Merge branch 'pandas-dev:main' into pytz-link

star1327p · web-flow · commit 081254ca85c7 · 2025-07-10T18:30:24.000-07:00
diff --git a/doc/source/whatsnew/v3.0.0.rst b/doc/source/whatsnew/v3.0.0.rst
@@ -758,6 +758,7 @@ Indexing
 - Bug in :meth:`DataFrame.from_records` throwing a ``ValueError`` when passed an empty list in ``index`` (:issue:`58594`)
 - Bug in :meth:`DataFrame.loc` and :meth:`DataFrame.iloc` returning incorrect dtype when selecting from a :class:`DataFrame` with mixed data types. (:issue:`60600`)
 - Bug in :meth:`DataFrame.loc` with inconsistent behavior of loc-set with 2 given indexes to Series (:issue:`59933`)
+- Bug in :meth:`Index.equals` when comparing between :class:`Series` with string dtype :class:`Index` (:issue:`61099`)

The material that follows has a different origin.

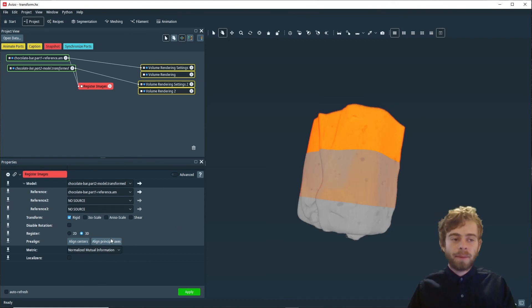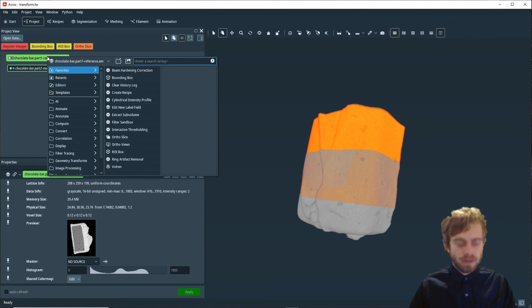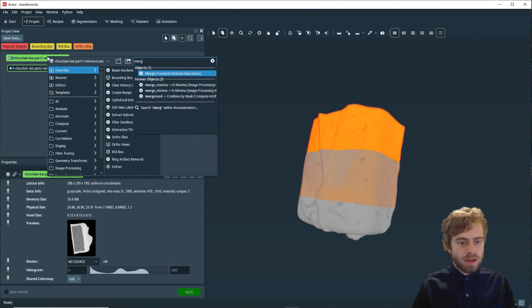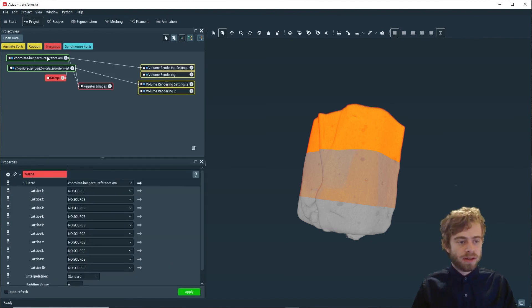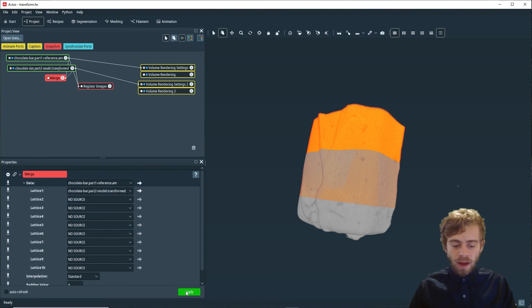Now we are going to merge the two images together. To do that, we're going to click on chocolate bar part one and search for merge, click enter, and we're going to choose lattice one to be chocolate bar part two, and we're going to click apply.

 - Bug in :meth:`Index.get_indexer` and similar methods when ``NaN`` is located at or after position 128 (:issue:`58924`)
 - Bug in :meth:`MultiIndex.insert` when a new value inserted to a datetime-like level gets cast to ``NaT`` and fails indexing (:issue:`60388`)

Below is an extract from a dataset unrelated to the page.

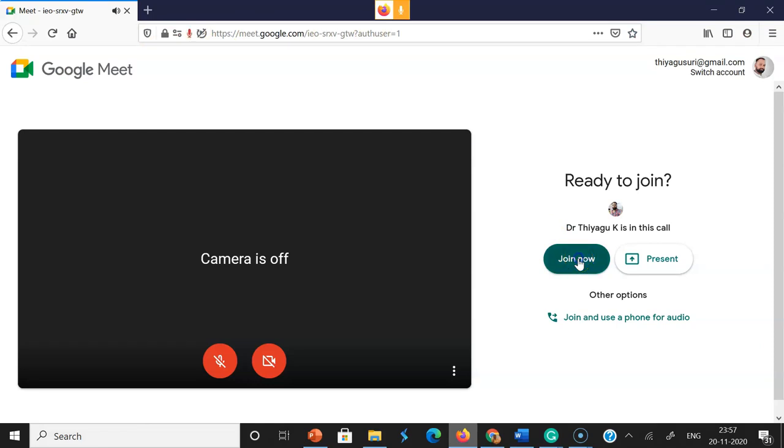Once they click join now, the moderator needs to admit them. After the moderator admits them, they can connect to the Google Meet. On the Google Meet home page, they can see the raise hand option.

 - Bug in :meth:`Series.__setitem__` when assigning boolean series with boolean indexer will raise ``LossySetitemError`` (:issue:`57338`)
diff --git a/pandas/core/indexes/base.py b/pandas/core/indexes/base.py
@@ -5481,11 +5481,7 @@ def equals(self, other: Any) -> bool:
             # quickly return if the lengths are different
             return False
 
-        if (
-            isinstance(self.dtype, StringDtype)
-            and self.dtype.na_value is np.nan
-            and other.dtype != self.dtype
-        ):
+        if isinstance(self.dtype, StringDtype) and other.dtype != self.dtype:
             # TODO(infer_string) can we avoid this special case?
             # special case for object behavior
             return other.equals(self.astype(object))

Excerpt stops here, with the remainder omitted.